Provided records

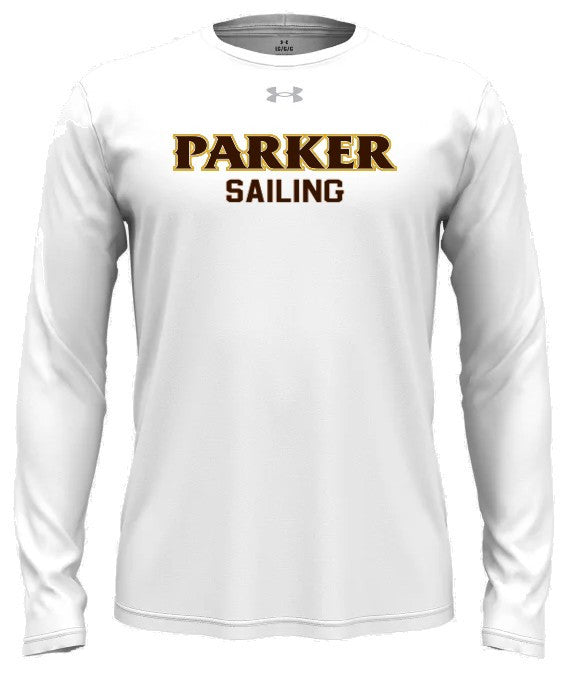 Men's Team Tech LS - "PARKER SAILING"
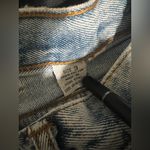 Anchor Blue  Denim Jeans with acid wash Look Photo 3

* * *

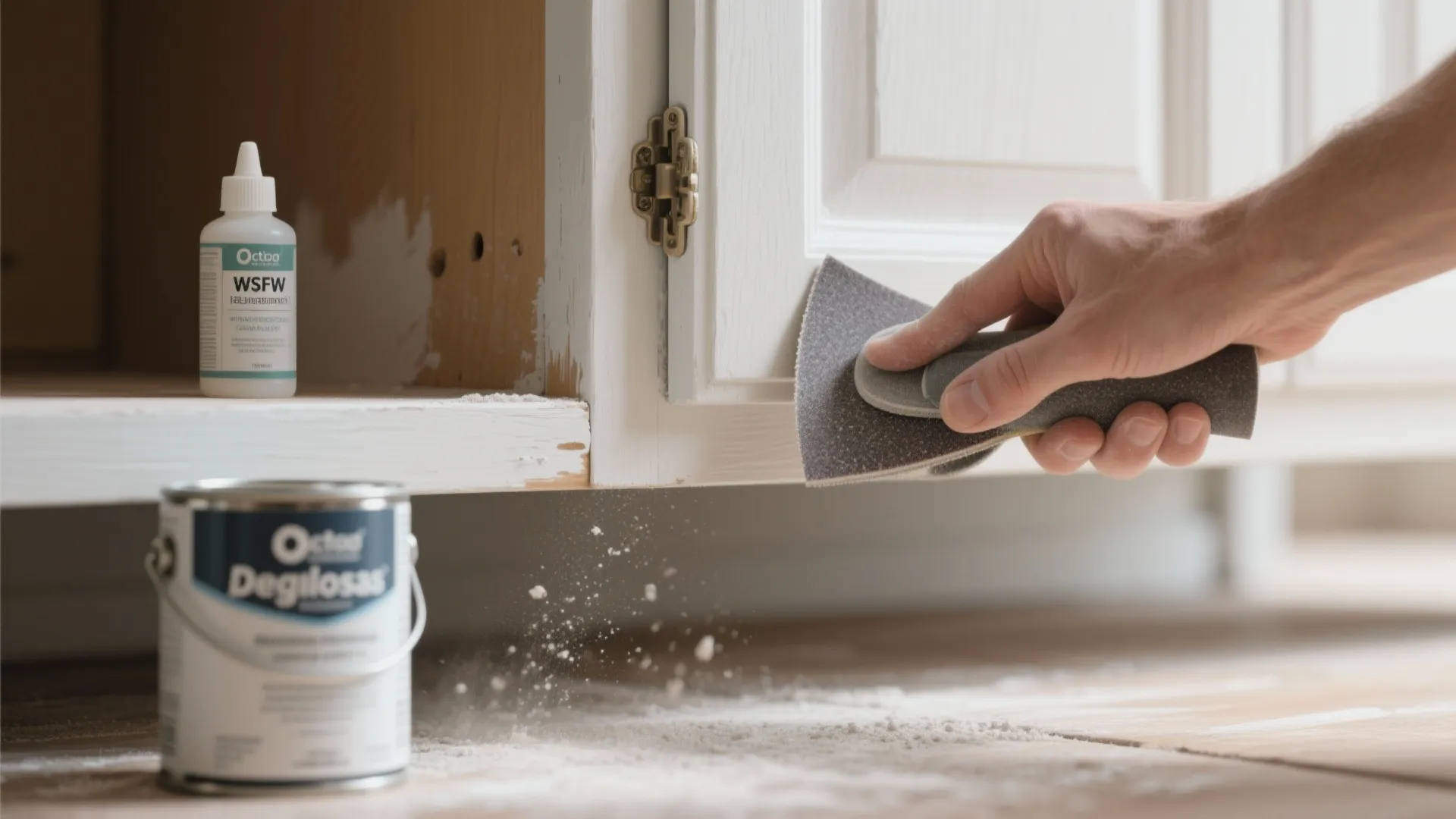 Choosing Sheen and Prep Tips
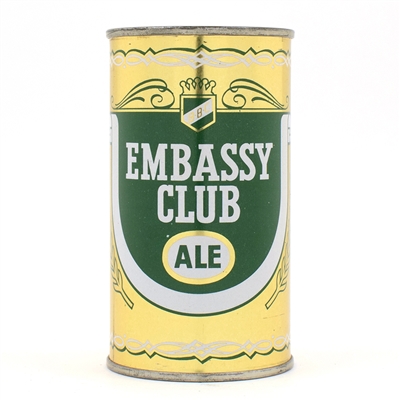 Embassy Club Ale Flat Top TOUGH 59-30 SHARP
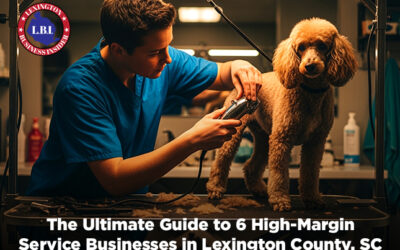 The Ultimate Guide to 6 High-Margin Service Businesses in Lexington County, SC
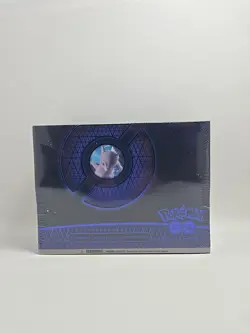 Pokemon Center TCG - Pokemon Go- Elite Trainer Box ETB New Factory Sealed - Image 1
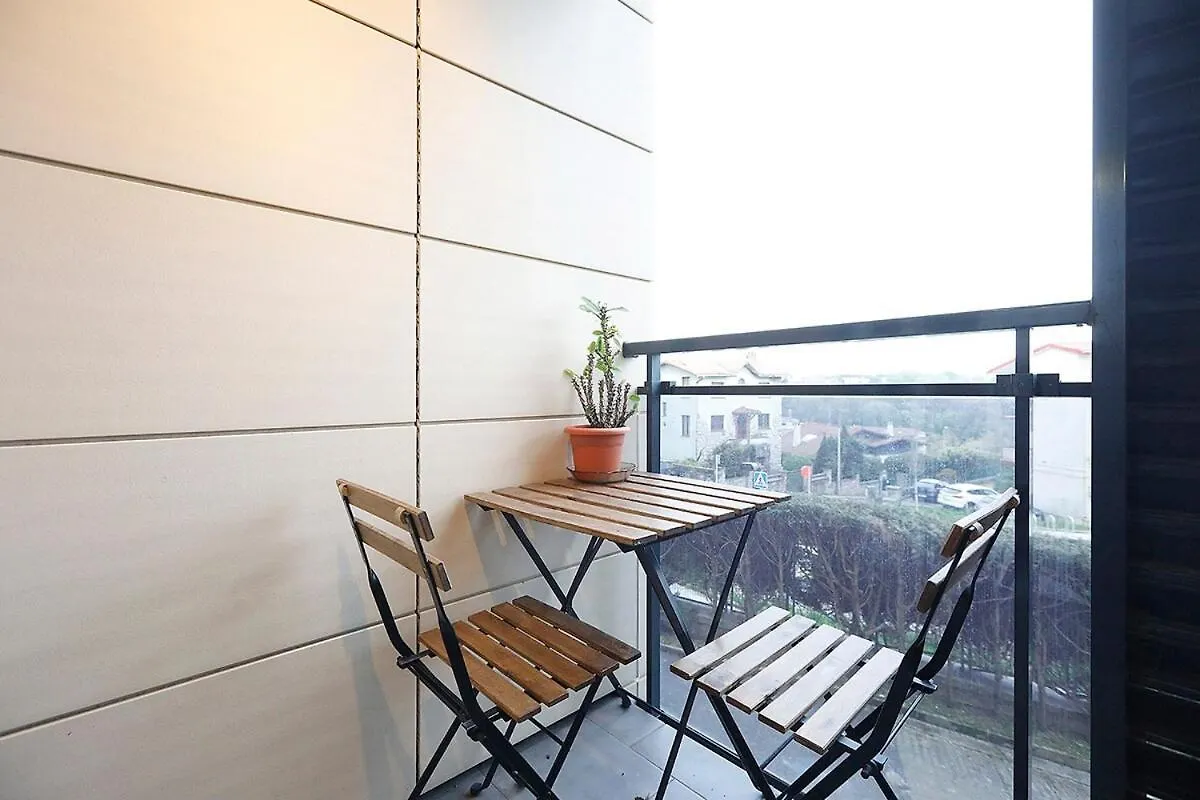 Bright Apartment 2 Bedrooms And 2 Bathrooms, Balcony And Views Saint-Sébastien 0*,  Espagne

Problem statement
Using the records above, return verbatim only the part that opens with the line containing "Pokemon Center TCG" and closes with the line containing "Bright Apartment 2"; pictures stay out.

Expected answer
 Pokemon Center TCG - Pokemon Go- Elite Trainer Box ETB New Factory Sealed - Image 1
 Bright Apartment 2 Bedrooms And 2 Bathrooms, Balcony And Views Saint-Sébastien 0*,  Espagne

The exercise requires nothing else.